Несмотря на это и свет, он спал и не знал, как долго он спит, ему казалось, что недолго, хотя на самом деле иногда сознание его отключалось на восемнадцать часов кряду. До сих пор он избегал непосредственных мыслей о Гемелле, и не только потому, что это было слишком больно, но и потому, что чувствовал: опасно в его положении позволять себе нечто настолько человечное, но со временем он перестал сдерживаться. Какое-то время он верил, что, если заговорит с ней, она услышит, что на самом деле они нераздельны, — крохотное расстояние между ними скоро сотрется. В такие минуты свет и тишина умиротворяли, их было легче переносить. Но иногда становилось только хуже. Лучше не делать этого. Он предавался этим играм с памятью всякий раз, когда мысли его начинали прыгать и переходили в бессвязный маниакальный лепет, как сломавшийся поршень, хотя иногда эти игры сами угрожали завести в безумие, вместо того чтобы предотвратить его. Но было и невозможно поддерживать умышленную, полусознательную апатию, которую ему удавалось имитировать в лазарете.
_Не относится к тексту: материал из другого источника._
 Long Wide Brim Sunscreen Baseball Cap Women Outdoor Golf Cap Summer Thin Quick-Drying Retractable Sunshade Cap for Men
Частично он чувствовал себя несколько больше самим собою — хотя в таких условиях это не могло долго продолжаться — и ужасно беспокоился о своих родителях. Сообщили ли им что-нибудь вообще, знают ли они, что он собирался с собой сделать, или его мать приехала в Рим и нашла только запертую квартиру? Им могли сказать, будто это он убил Гемеллу. От одной мысли об этом у него появлялся комок в горле. Они не поверят, твердо заявлял он себе, но иногда его посещала гнусная мысль, что могут и поверить, может показаться, что иного объяснения нет, и тогда они поверят.
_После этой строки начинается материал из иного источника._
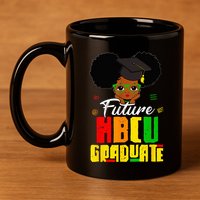 Future HBCU Grad Graduation Historically Black College 11oz C Handle Ceramic Mug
Он думал, и это граничило с бредом, что почти хочет, чтобы стражники поскорее пришли, даже чтобы снова избить его, ему было так тоскливо. И выходило, что сказал он правду: в каком-то смысле он скучал по Клеомену, было бы таким облегчением увидеть хоть кого-нибудь.
Затем, как-то ночью (он называл это ночью, потому что спал), дверь отперли, и это разбудило его. Ему показалось, что ледяной ключ поворачивается у него в груди, мигом вернув в состояние бодрствования. Четыре тюремных охранника вошли в камеру, и снова тело его судорожно сжалось в мрачном предчувствии, и он подумал: вот оно. Он сел, оцепенело прижавшись к стене, и не сопротивлялся, но и не помогал надеть наручники на запястья и лодыжки. За ними стояли двое других мужчин, выглядевших как охранники или надзиратели, но были одеты в синюю форму, которую Варий не сразу узнал; это было несколько забавнее, чем обычная одежда охранников, и чем-то напоминало лакейскую ливрею. Он никак не мог решить, что из всего этого наиболее отвратительно.
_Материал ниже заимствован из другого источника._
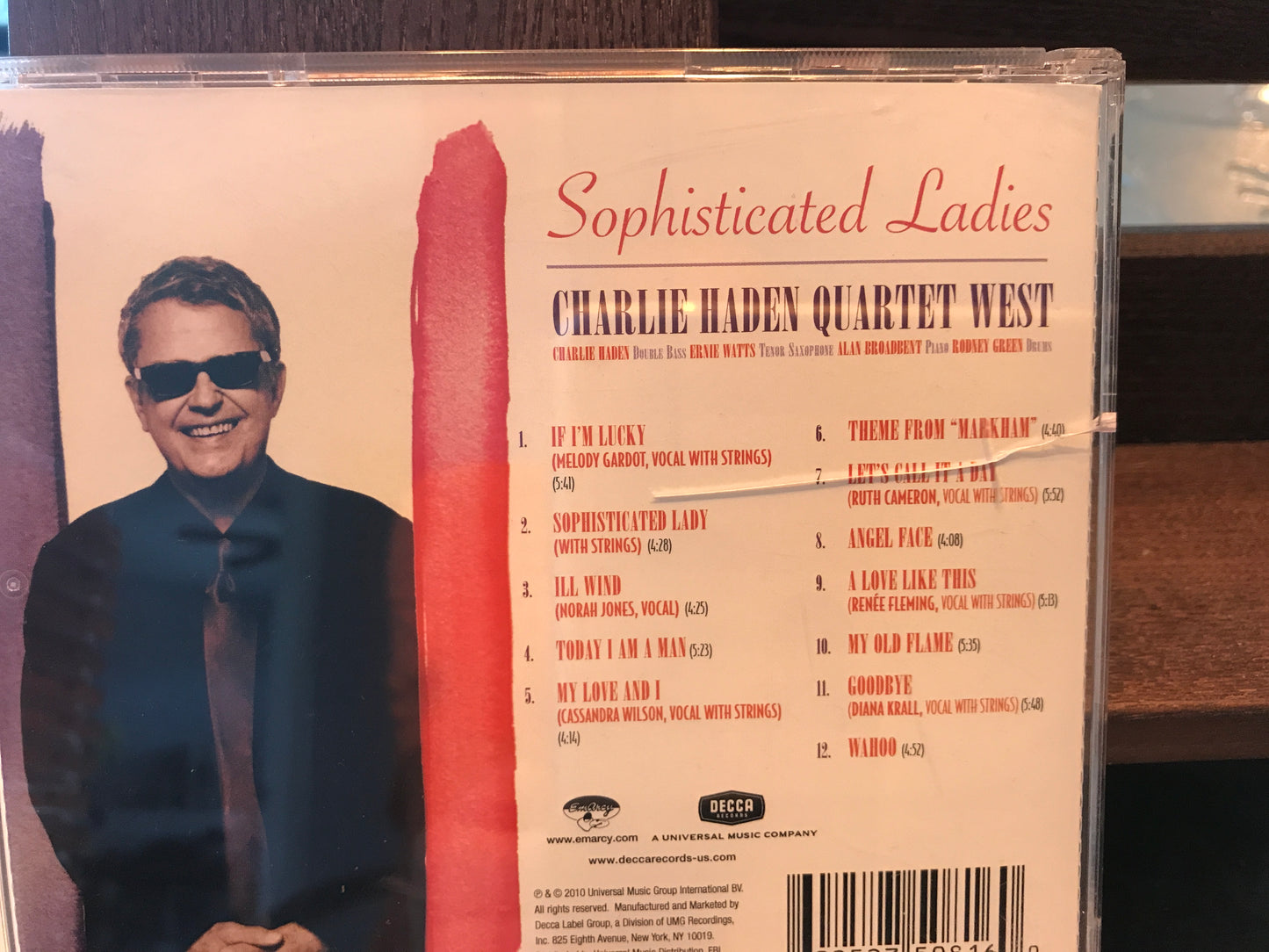 Charlie Haden-“Sophisticated. Ladies”-$7.99 + Shipping $5.00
Варий напомнил себе: не разговаривать — хотя соблазн спросить, что происходит, был на сей раз исключительно велик. Они успели отвести его вниз, на первый этаж, прежде чем он подумал: о, лестница. Но шанс был упущен. Впрочем, не совсем так, потому что охранники никогда не позволили бы ему сделать это. Он подавил странный, болезненный смешок, потому что мысль каким-то образом вырваться из их рук, как неуступчивая рыба, которую они поймали, и с криком броситься в лестничный пролет на бетонный пол поразила его своей забавностью.